◆ Directions:
Start to finish, the listing must be rewritten exactly.
---------------
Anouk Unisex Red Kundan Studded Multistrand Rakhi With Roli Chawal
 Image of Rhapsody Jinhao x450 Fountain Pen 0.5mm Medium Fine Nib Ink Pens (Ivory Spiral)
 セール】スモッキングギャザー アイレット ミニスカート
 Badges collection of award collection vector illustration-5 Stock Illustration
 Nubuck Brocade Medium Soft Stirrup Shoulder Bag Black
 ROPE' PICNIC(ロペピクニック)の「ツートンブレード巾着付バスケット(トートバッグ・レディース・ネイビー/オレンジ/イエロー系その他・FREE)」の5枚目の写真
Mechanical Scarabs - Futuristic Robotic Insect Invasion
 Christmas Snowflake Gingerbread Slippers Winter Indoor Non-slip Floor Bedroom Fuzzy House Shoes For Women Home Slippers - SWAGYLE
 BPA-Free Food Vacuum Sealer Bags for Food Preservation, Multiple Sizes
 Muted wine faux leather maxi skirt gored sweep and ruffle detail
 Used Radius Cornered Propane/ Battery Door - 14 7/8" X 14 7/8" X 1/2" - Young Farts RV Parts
---------------
◆ Task response:
Anouk Unisex Red Kundan Studded Multistrand Rakhi With Roli Chawal
 Image of Rhapsody Jinhao x450 Fountain Pen 0.5mm Medium Fine Nib Ink Pens (Ivory Spiral)
 セール】スモッキングギャザー アイレット ミニスカート
 Badges collection of award collection vector illustration-5 Stock Illustration
 Nubuck Brocade Medium Soft Stirrup Shoulder Bag Black
 ROPE' PICNIC(ロペピクニック)の「ツートンブレード巾着付バスケット(トートバッグ・レディース・ネイビー/オレンジ/イエロー系その他・FREE)」の5枚目の写真
Mechanical Scarabs - Futuristic Robotic Insect Invasion
 Christmas Snowflake Gingerbread Slippers Winter Indoor Non-slip Floor Bedroom Fuzzy House Shoes For Women Home Slippers - SWAGYLE
 BPA-Free Food Vacuum Sealer Bags for Food Preservation, Multiple Sizes
 Muted wine faux leather maxi skirt gored sweep and ruffle detail
 Used Radius Cornered Propane/ Battery Door - 14 7/8" X 14 7/8" X 1/2" - Young Farts RV Parts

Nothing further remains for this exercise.